Yes premium. OSHW users can still decode data like we always did in the past. This is a luxury item, not a required item.

Rodger, lucky i have at least one of each then :slight_smile:

Something like that would be quite trivial to implement in the OSHW firmwares…

You should add quote checking to be able to Tokenize. :wink:

It’s always a tradeoff between functionality and space… if only 10% of people needed the functionality, it might not make sense to consume the space. This is why NETMF is modular, so when you build the firmware, you get to choose what modules are included.

1 Like

This is an excellent point.

@ Gus - How will the new method treat strings? In the example, I see the character ‘N’ being converted to a float version of its ASCII value (I think), but what about a multicharacter string?

Not supported but we are open to ideas. However, note that strings can’t be changed so you will be back to using GC.

One option would be that If something is not a number then the element in the float array should be NaN.

There could be additional flags passed to the call which control how chars and strings are handled, ie convert first char to ASCII value etc.

Chars are a must in the GPS data stream, like W for west. So we do convert ‘W’ to ASCII. The user would now automatically know if this is a ‘W’ or it is the actual value but on GPS, specific fields are known to be ASCII. This is showing in the example code.

@ Gus - Agreed, which is why I would suggest that you have flags controlling the behavior.

In my WebSocket project on Code Share, I have a set of Array extensions that includes an “IndexOf” function and a “Split” function.

IndexOf searches for an array of bytes in a larger array of bytes, and returns the index of the first byte.

Split uses a byte array as a delimiter to “split” a larger byte array into an array of strings.


public static int IndexOf(this byte[] array, byte[] value, int startIndex = 0)
{
	if (array == null || value == null || value.Length == 0 || startIndex < 0 || startIndex >= array.Length)
		return -1;

	int i = startIndex;
	int j = 0;
	int k = 0;
	while (i < array.Length)
	{
		j = i;
		k = 0;
		while (k < value.Length && array[j] == value[k])
		{
			j++;
			k++;
		}
		if (k == value.Length)
		{
			return i;
		}
		i++;
	}

	return -1;
}


public static ArrayList Split(this byte[] array, byte[] delimiter, int startIndex, int length, bool toLower = false)
{
	if (array == null || startIndex < 0 || length < 0 || array.Length < (startIndex + length))
		return new ArrayList();

	ArrayList list = new ArrayList();

	int posMax = startIndex + length;
	int posDelimiter = 0;
	while ((startIndex + delimiter.Length) <= posMax && (posDelimiter = IndexOf(array, delimiter, startIndex)) >= 0)
	{
		if (toLower)
		{
			list.Add((new string(Encoding.UTF8.GetChars(array, startIndex, posDelimiter - startIndex))).ToLower());
		}
		else
		{
			list.Add(new string(Encoding.UTF8.GetChars(array, startIndex, posDelimiter - startIndex)));
		}
		startIndex = posDelimiter + delimiter.Length;
	}
	return list;
}

You should use the native index of. It will be many times faster.

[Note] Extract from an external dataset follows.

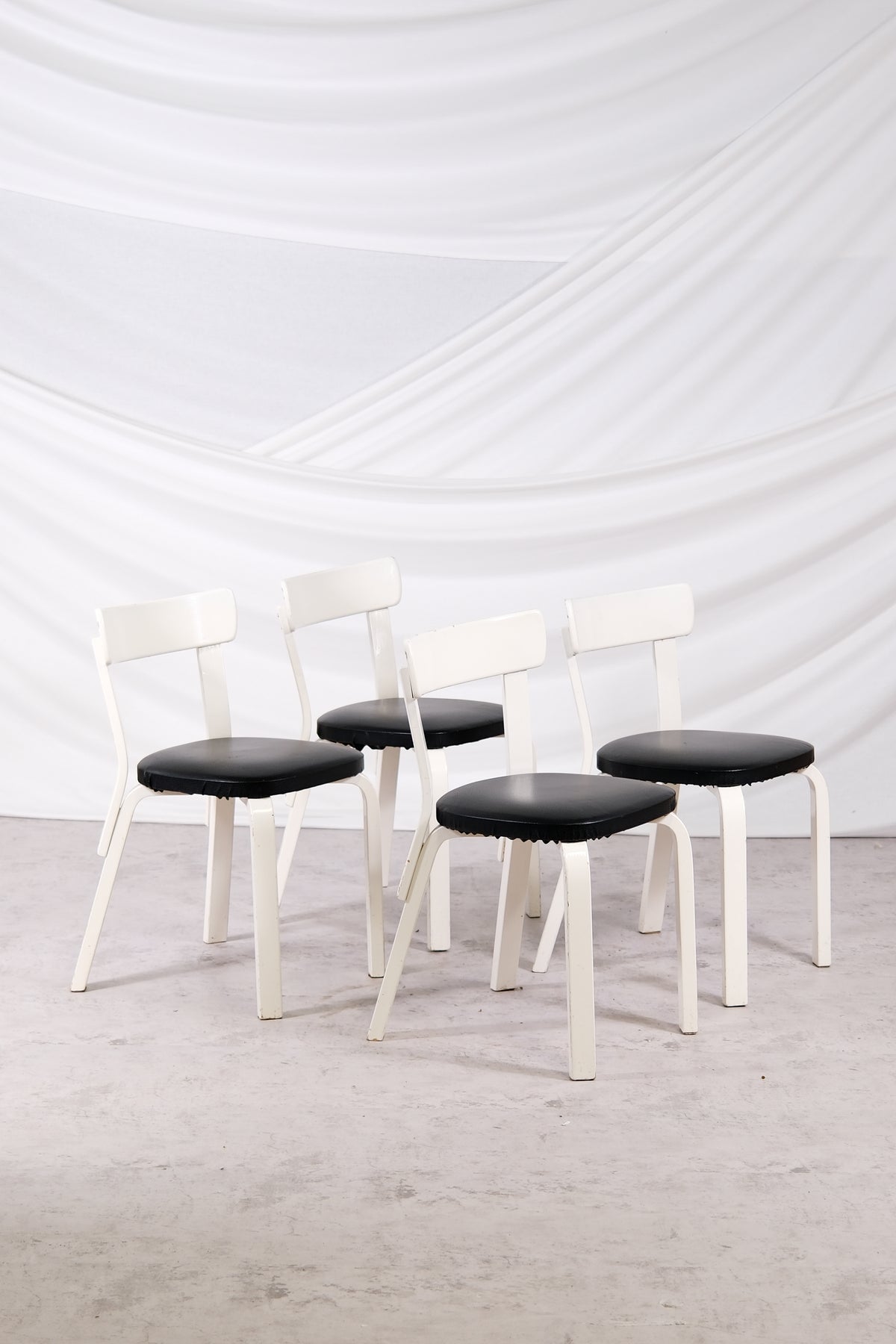 Artek 69 -tuolit, valkoinen runko ja nahkaverhoilu, 4 kpl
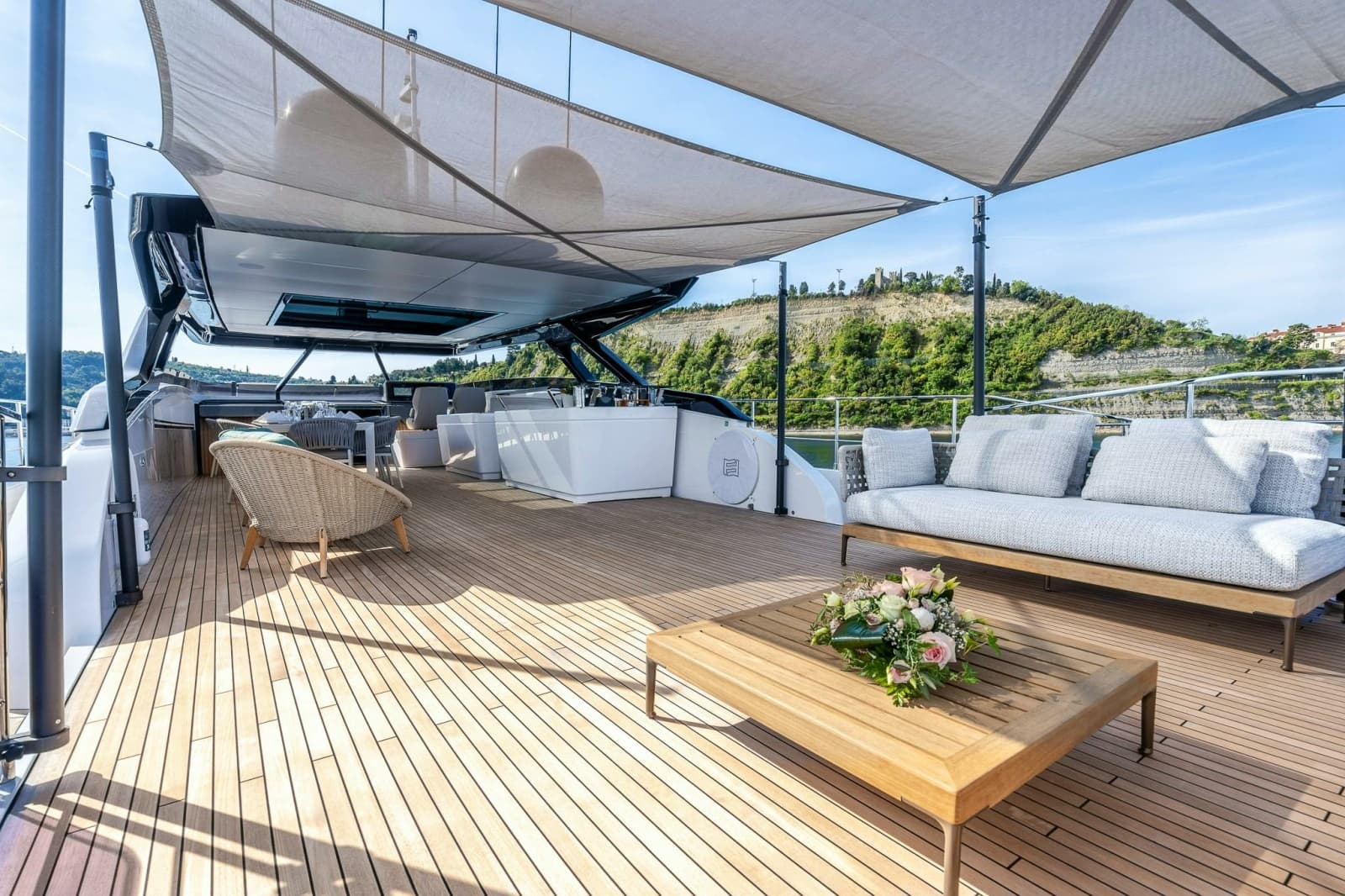 2023 Ferretti Yachts Ferretti 1000 - Photo 6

Thanks Gus. I’ll look into that.

It would be nice if the IndexOf() method could search a byte array for a pattern of bytes. And also if we can Split() using a pattern of bytes as a delimiter.

@ Gus -

Great… I could have used that yesterday!

I tried the Array.IndexOf method, but it turns out that it does not do the same thing as my extension method.

public static int IndexOf (Array array, Object value, int startIndex, int count)

if you pass a byte array for the “value” parameter, it does not find it in the “array”. I’m guessing that it treats the byte array as a byte not as an array??

My method searches for an array of bytes in a byte array.

public static int IndexOf(this byte[] array, byte[] value, int startIndex = 0)

May we have any performance expectation using this method instead of traditionnal implementation?